> _Data under study_
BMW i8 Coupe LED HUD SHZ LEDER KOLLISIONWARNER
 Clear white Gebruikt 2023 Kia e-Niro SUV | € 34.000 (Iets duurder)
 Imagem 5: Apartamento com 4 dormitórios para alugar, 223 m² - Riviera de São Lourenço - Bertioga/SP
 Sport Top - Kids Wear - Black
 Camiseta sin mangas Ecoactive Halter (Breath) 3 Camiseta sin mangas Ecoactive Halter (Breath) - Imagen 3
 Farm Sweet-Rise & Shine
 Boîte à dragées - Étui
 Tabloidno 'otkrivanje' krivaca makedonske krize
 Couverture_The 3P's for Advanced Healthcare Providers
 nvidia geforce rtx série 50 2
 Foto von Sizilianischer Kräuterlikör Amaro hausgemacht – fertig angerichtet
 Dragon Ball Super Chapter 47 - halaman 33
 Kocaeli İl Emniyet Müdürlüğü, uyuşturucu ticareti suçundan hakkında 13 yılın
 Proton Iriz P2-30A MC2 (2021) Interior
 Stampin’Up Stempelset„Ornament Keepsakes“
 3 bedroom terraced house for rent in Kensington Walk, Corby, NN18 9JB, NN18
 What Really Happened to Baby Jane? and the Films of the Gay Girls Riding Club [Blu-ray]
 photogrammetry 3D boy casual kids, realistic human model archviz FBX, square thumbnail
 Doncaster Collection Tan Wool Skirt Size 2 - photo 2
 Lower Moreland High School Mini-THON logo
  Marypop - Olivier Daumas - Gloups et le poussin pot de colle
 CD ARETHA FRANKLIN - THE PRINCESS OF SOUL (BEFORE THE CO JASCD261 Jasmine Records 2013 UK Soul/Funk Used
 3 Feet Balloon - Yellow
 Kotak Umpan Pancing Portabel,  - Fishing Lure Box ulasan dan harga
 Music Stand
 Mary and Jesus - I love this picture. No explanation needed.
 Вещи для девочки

> _Task requirements_
Among the records above, extract exactly the lines from the line with "Lower Moreland High School Mini-THON logo" to the line with "Music Stand", both lines included, and leave out the rest.

> _Output for this task_
 Lower Moreland High School Mini-THON logo
  Marypop - Olivier Daumas - Gloups et le poussin pot de colle
 CD ARETHA FRANKLIN - THE PRINCESS OF SOUL (BEFORE THE CO JASCD261 Jasmine Records 2013 UK Soul/Funk Used
 3 Feet Balloon - Yellow
 Kotak Umpan Pancing Portabel,  - Fishing Lure Box ulasan dan harga
 Music Stand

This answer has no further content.